- **Problem details**
Restate word for word only the lines running from the one with "Load image into Gallery viewer, H10096SE- Summer" to the end of the data, both ends included. Omit any pictures.

[Opening Records provided section]

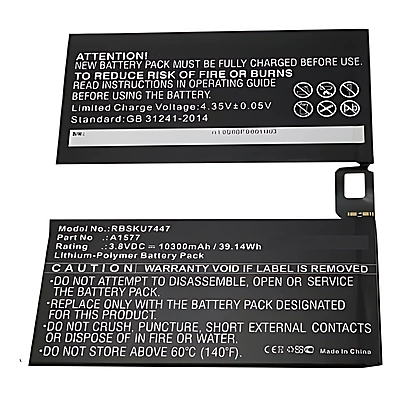 For iPad Pro 12.9 (2015) - Replacement Battery A1577 10300mAh 4.35V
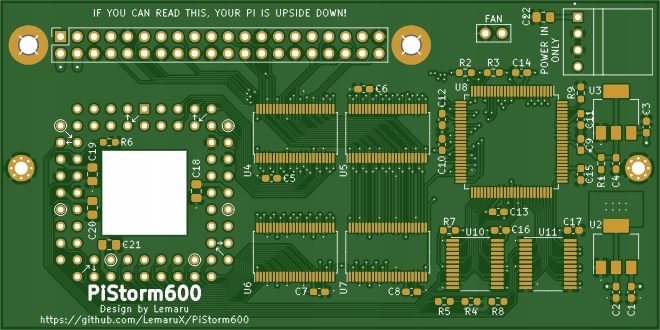Печатная плата PiStorm для Amiga 600
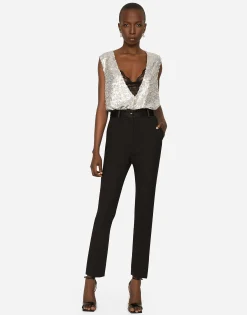 Woolen tuxedo pants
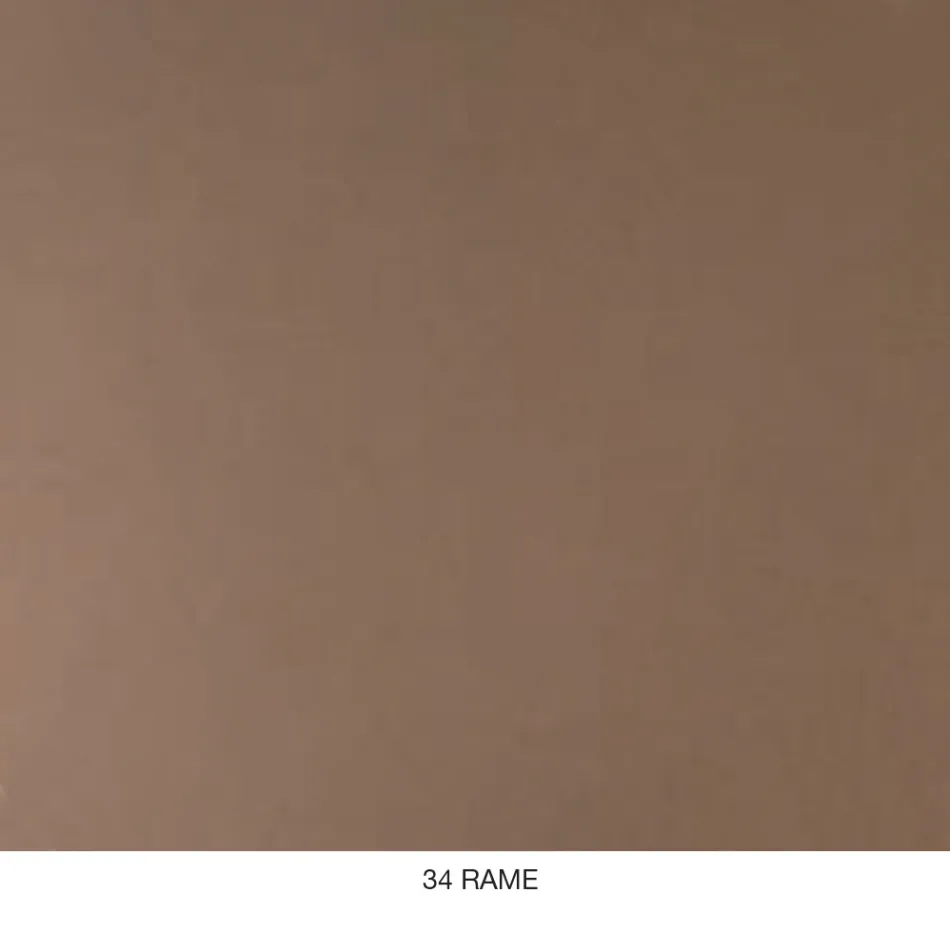 Runt vardagsrumssoffbord i lyxig marmoreffekt metall och glas - Magali Viadurini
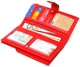 Женское портмоне CANPELLINI из натуральной кожи разноцветное с тиснением под змею и монетницей 56448 - изображение 5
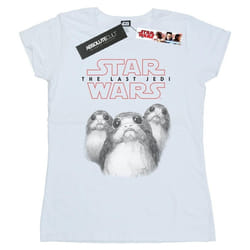 Star Wars - T-shirt THE LAST JEDI - Femme (Blanc)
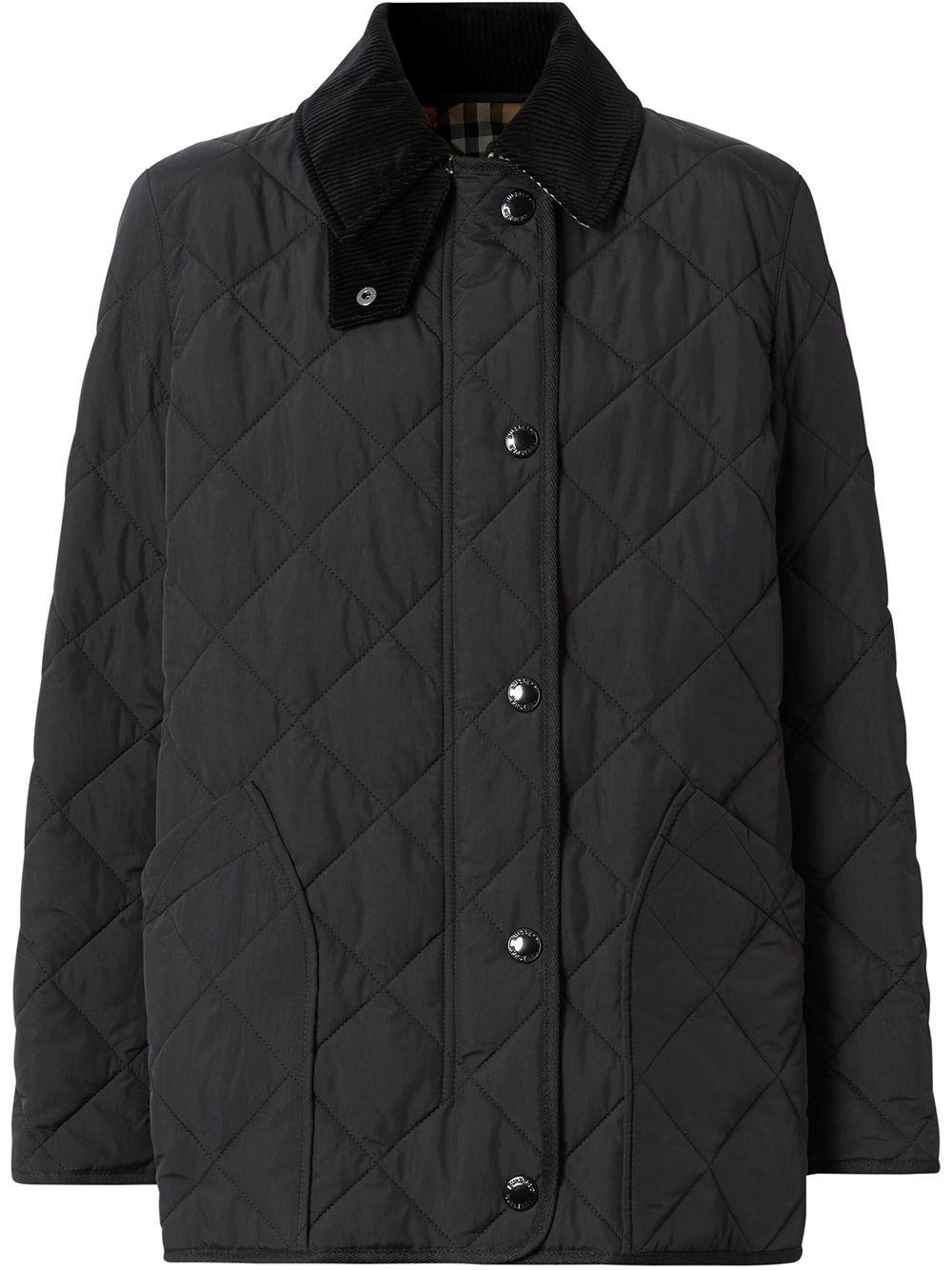 diamond quilted thermoregulated barn jacket by BURBERRY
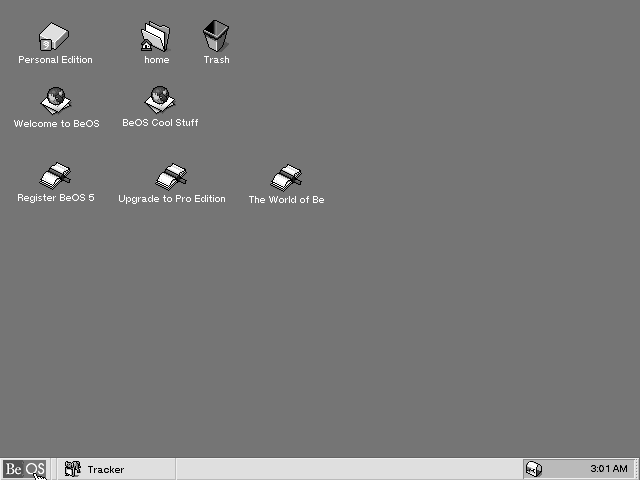 BeOS 5 Windows-like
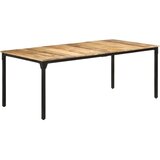  Blagovaonski stol 200 x 100 x 76 cm od grubog drva manga | shoptok.hr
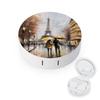 VHPVHP Contact Lenses Case Kit, Paris Eiffel Tower Contact Lens Case with Mirror,Portable Contact Box Travel Kit with Tweezers Remover for Outdoor And Office Daily Use view 1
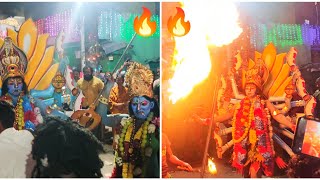 Ganesh Nimajjanam in Hyderabad | Kali mata dance 🔥 #ganeshvisarjan #kalimata #trendingshorts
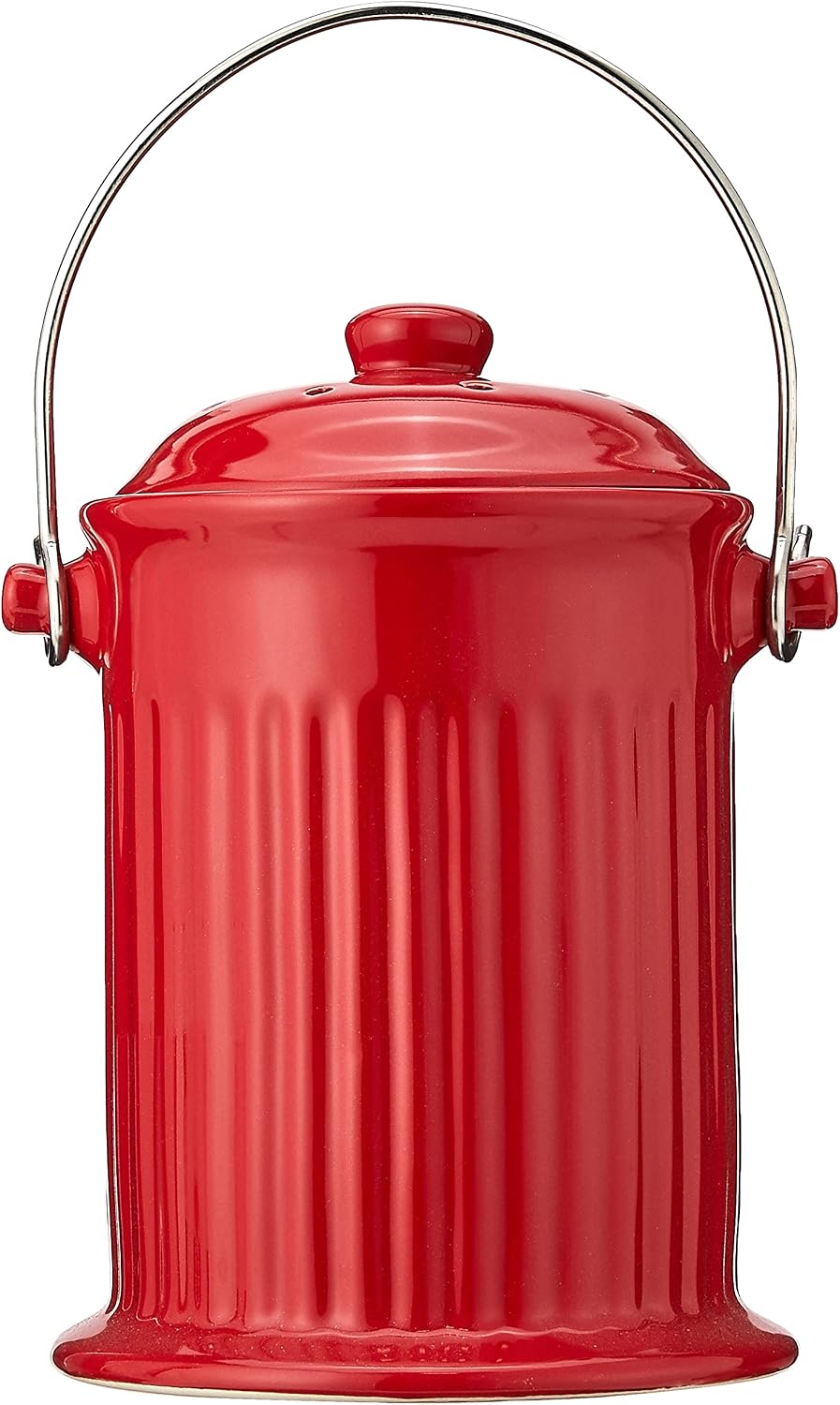 Norpro, Red 93R, 1 Gallon Ceramic Compost Keeper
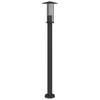 Vidaxl Garden Post Lamp, Black, 100 Cm, Stainless Steel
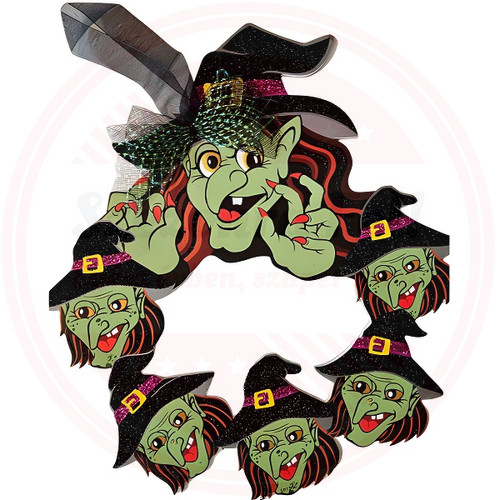 Boszorkányos Koszorú Akasztós Halloween dekoráció
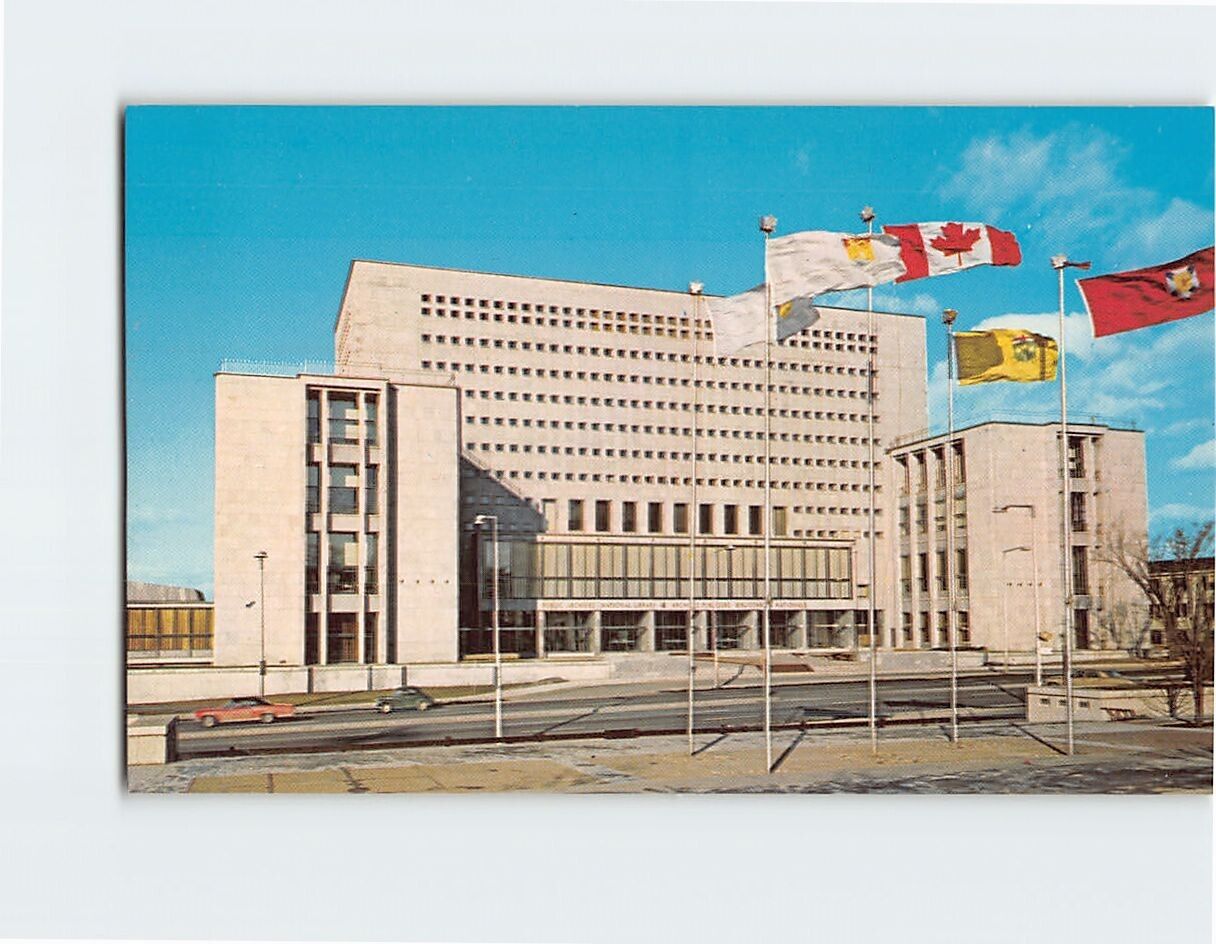 Postcard The National Library Ottawa Ontario Canada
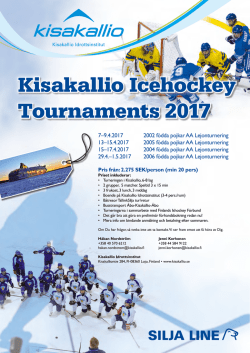 Kisakallio Icehockey Tournaments 2017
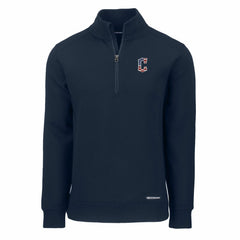 MLB Cleveland Guardians Cutter & Buck Americana Roam Eco Recycled Quarter-Zip Sweatshirt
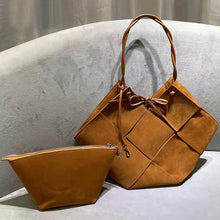 Load image into Gallery viewer, Lady Stylish Leather Bags 2022 New Women Cow Nubuck Leather Large Capacity Tote Shoulder Bags 4354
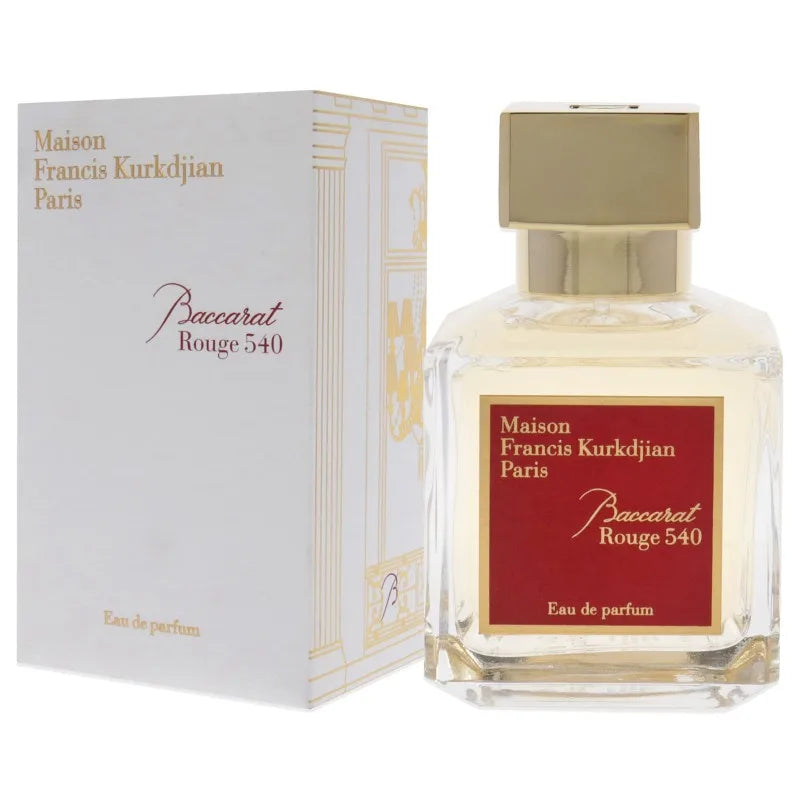 Maison Francis Kurkdjian Baccarat Rouge 540 Eau De Parfum Spray 70ML Long-lasting Fragrance Natural Perfume Cologne Persistence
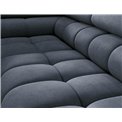 Corner sofa Elferucce L, sleeping function, Aura 40, velvet, dark blue, H93x200x276cm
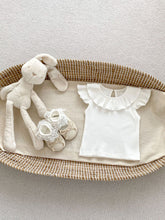 Load image into Gallery viewer, H10096SE- Summer flying sleeves lotus leaf collar solid color ribbed top & floral pants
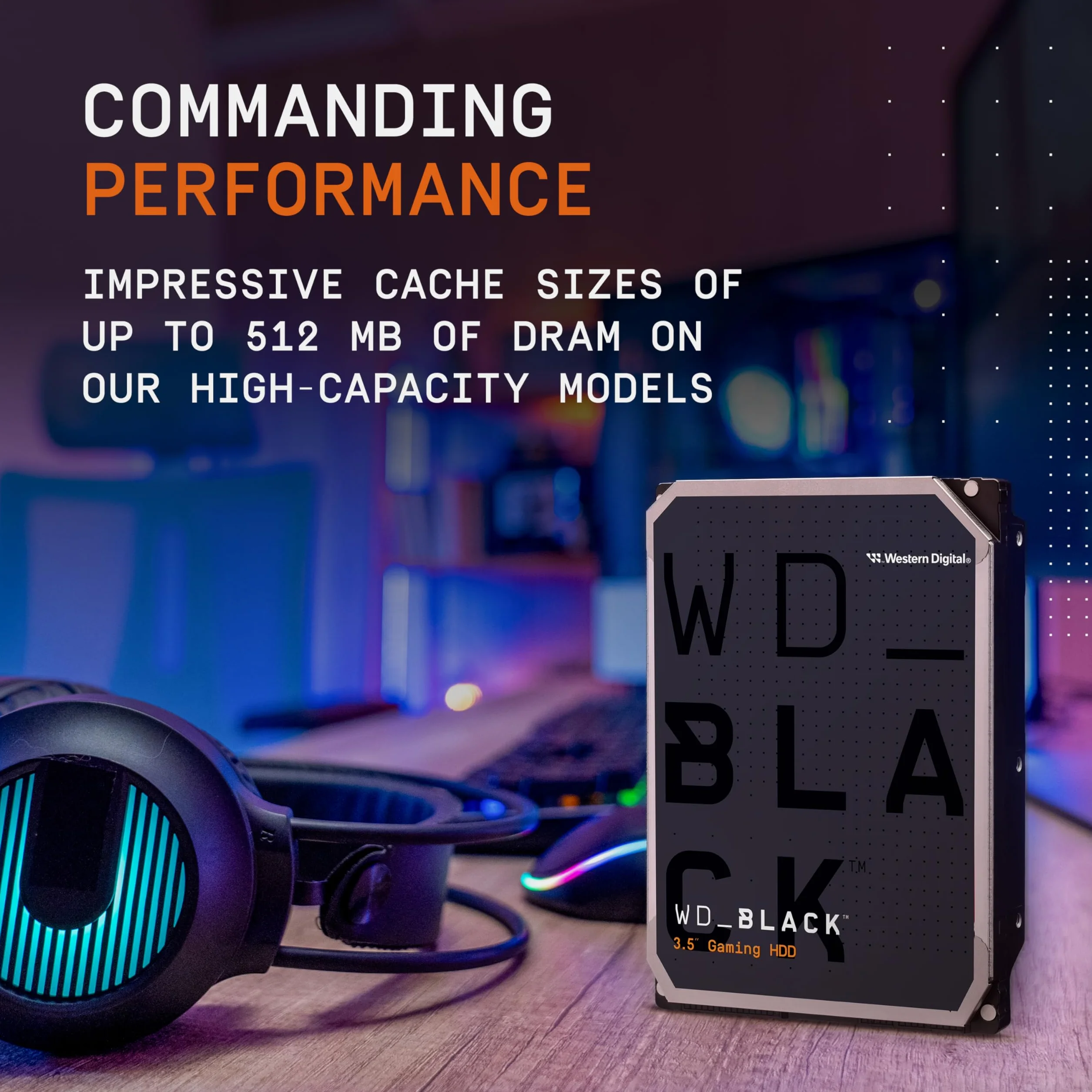 WD_BLACK 2 To High Performance, Disque dur Interne 3.5" 7200 RPM Class, SATA 6 GB/s, 64MB Cache, Garantie 5 ans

[Closing Records provided section]

- **Output of the exercise**
 Load image into Gallery viewer, H10096SE- Summer flying sleeves lotus leaf collar solid color ribbed top & floral pants
 WD_BLACK 2 To High Performance, Disque dur Interne 3.5" 7200 RPM Class, SATA 6 GB/s, 64MB Cache, Garantie 5 ans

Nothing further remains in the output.